* EXERCISE
Print all the records below exactly as they stand, but leave out the pictures.

━━ DATASET RECORDS ━━

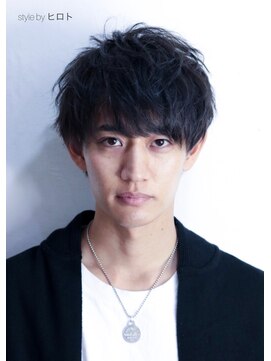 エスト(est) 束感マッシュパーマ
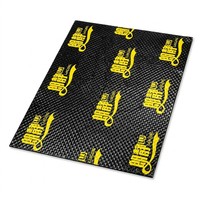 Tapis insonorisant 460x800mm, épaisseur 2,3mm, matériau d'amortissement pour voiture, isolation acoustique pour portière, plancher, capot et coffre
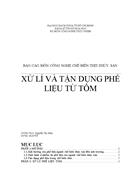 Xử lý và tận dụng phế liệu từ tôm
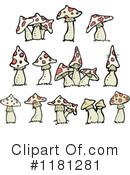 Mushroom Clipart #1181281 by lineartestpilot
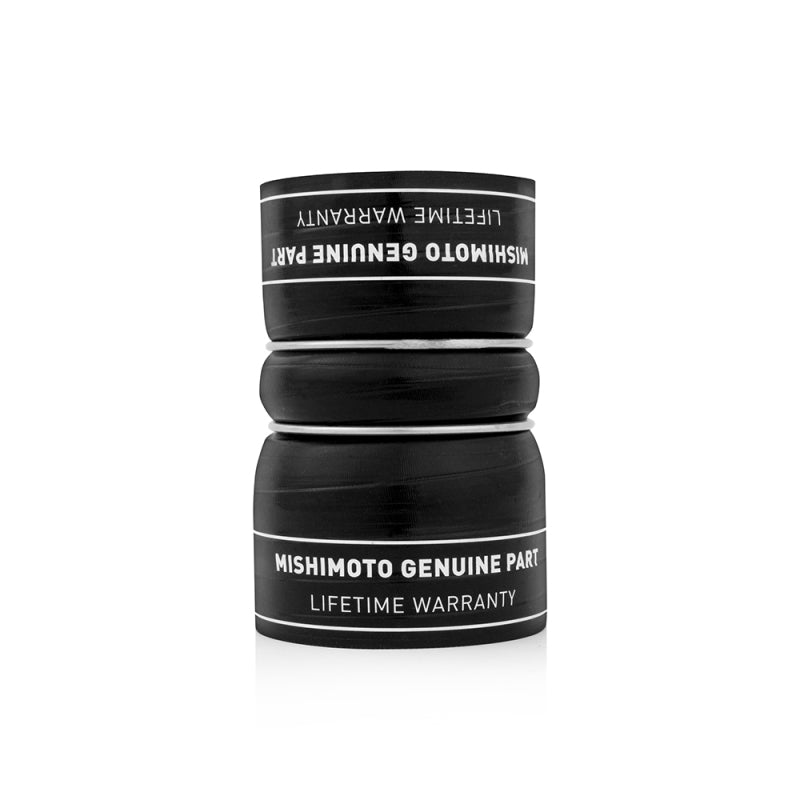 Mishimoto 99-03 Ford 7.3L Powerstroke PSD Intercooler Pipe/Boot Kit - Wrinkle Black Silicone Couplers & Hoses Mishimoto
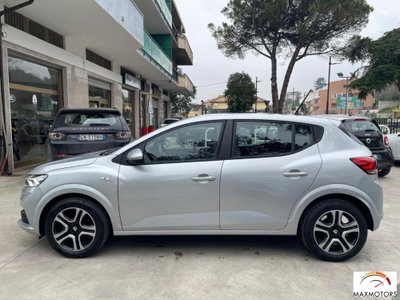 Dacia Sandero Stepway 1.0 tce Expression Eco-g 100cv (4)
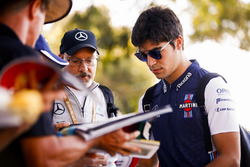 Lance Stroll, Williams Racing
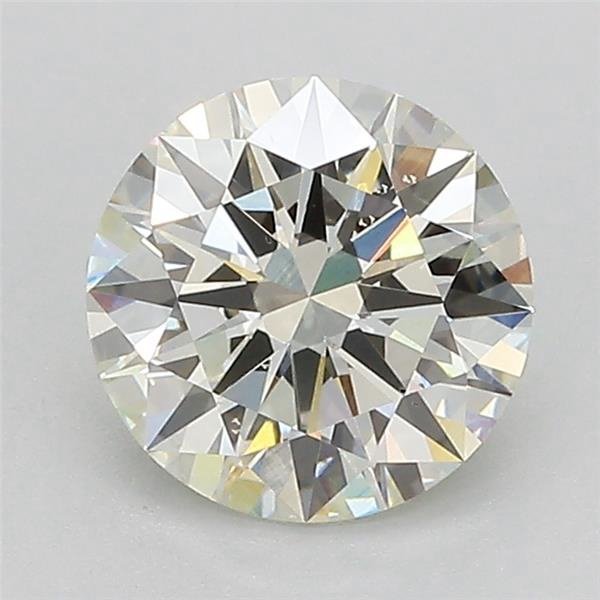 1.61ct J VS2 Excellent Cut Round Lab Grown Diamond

━━━

* YOUR RESPONSE
 エスト(est) 束感マッシュパーマ
 Tapis insonorisant 460x800mm, épaisseur 2,3mm, matériau d'amortissement pour voiture, isolation acoustique pour portière, plancher, capot et coffre
 Xử lý và tận dụng phế liệu từ tôm
 Mushroom Clipart #1181281 by lineartestpilot
 Mishimoto 99-03 Ford 7.3L Powerstroke PSD Intercooler Pipe/Boot Kit - Wrinkle Black Silicone Couplers & Hoses Mishimoto
 Dacia Sandero Stepway 1.0 tce Expression Eco-g 100cv (4)
 Lance Stroll, Williams Racing
 1.61ct J VS2 Excellent Cut Round Lab Grown Diamond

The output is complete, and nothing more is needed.